#### [Task objective]
Below is a listing; restate from it, character for character, the lines beginning at the line holding "HomeRoots 8' Green" and ending at the line holding "Hotel O Newtown", both included.

#### [Data shown]
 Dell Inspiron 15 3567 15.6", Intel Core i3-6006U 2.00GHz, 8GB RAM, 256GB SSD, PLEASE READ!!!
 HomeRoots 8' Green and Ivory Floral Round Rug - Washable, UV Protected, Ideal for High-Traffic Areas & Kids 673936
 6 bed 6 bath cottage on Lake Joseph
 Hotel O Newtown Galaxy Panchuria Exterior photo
---
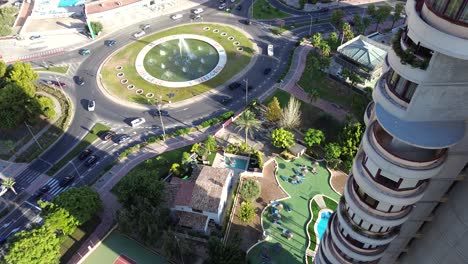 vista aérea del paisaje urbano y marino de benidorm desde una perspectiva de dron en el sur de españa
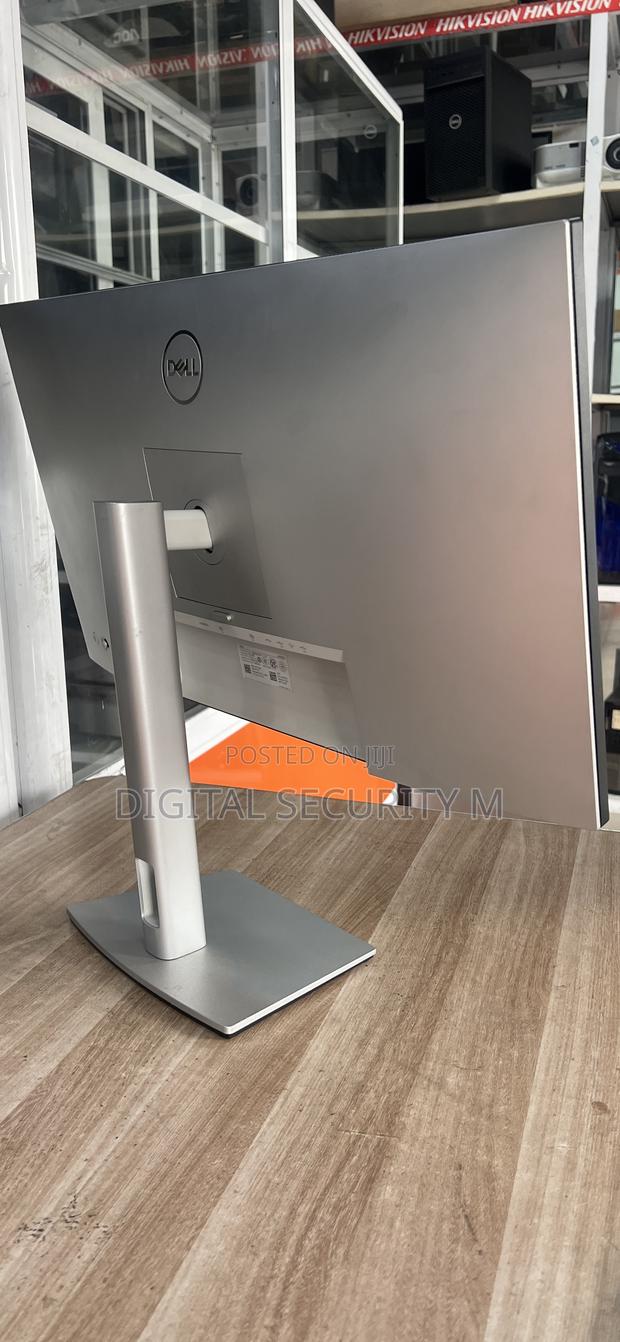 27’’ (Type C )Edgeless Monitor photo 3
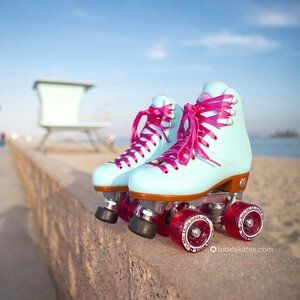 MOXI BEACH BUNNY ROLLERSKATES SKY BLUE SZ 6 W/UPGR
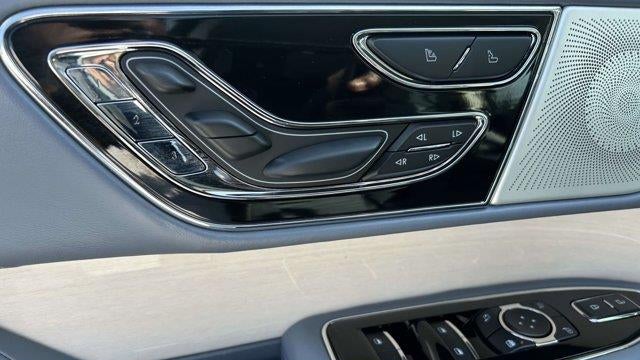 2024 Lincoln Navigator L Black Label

#### [Response below]
 HomeRoots 8' Green and Ivory Floral Round Rug - Washable, UV Protected, Ideal for High-Traffic Areas & Kids 673936
 6 bed 6 bath cottage on Lake Joseph
 Hotel O Newtown Galaxy Panchuria Exterior photo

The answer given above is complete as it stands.